━━ Data below ━━
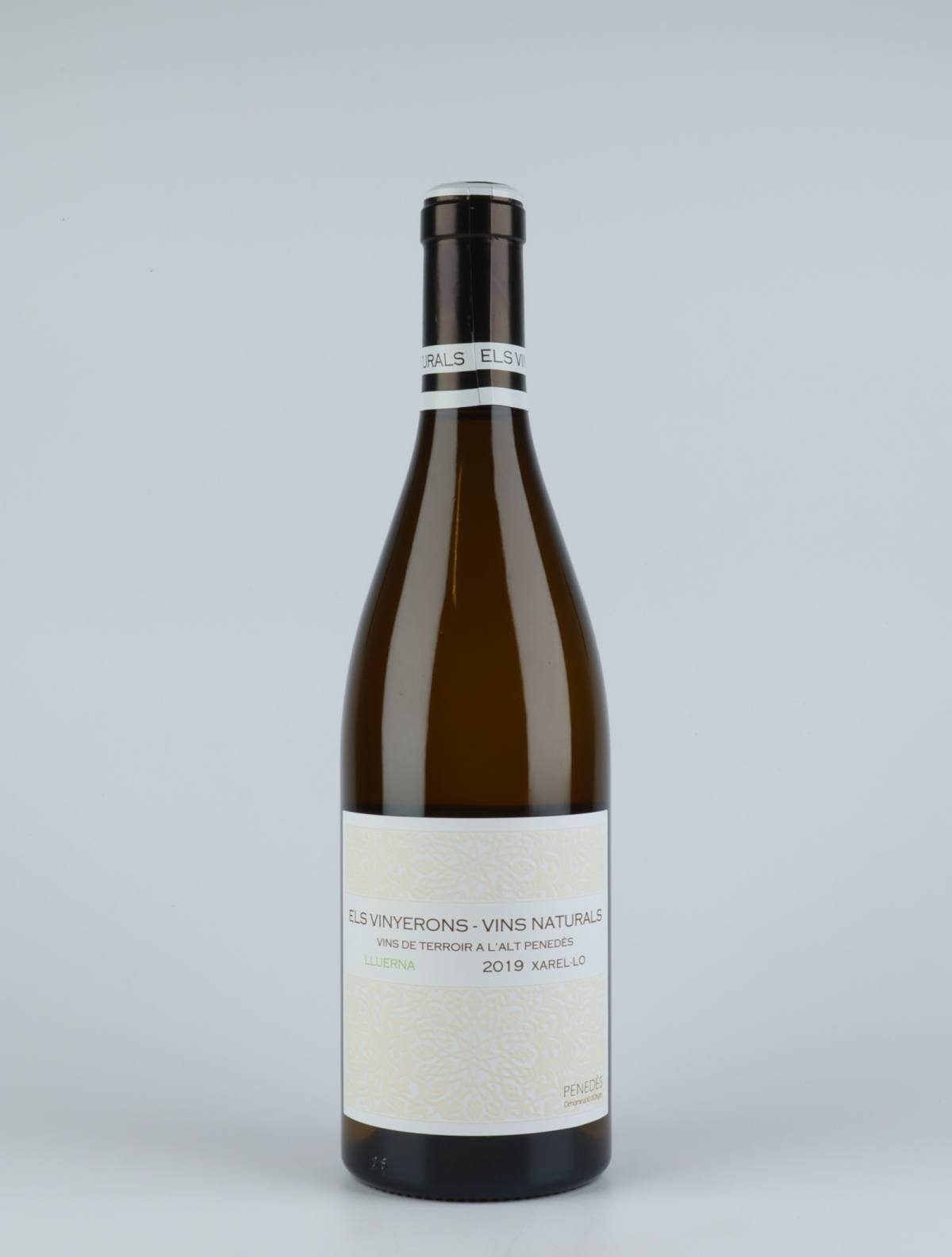 A bottle  Lluerna White wine from Els Vinyerons, Penedès in Spain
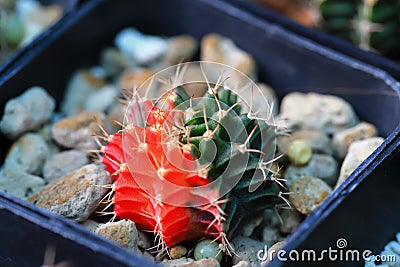 The image of the colorful gymnocalysium cactus in pot Stock Photo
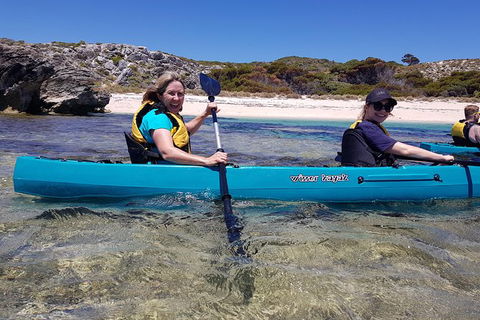 Rottnest Glass Bottom Kayaking Tour - Attractions Melbourne 2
━━━
Task goal:
Down to the last line, set down the data above exactly, and omit all images.

Exercise result:
 A bottle  Lluerna White wine from Els Vinyerons, Penedès in Spain
 The image of the colorful gymnocalysium cactus in pot Stock Photo
 Rottnest Glass Bottom Kayaking Tour - Attractions Melbourne 2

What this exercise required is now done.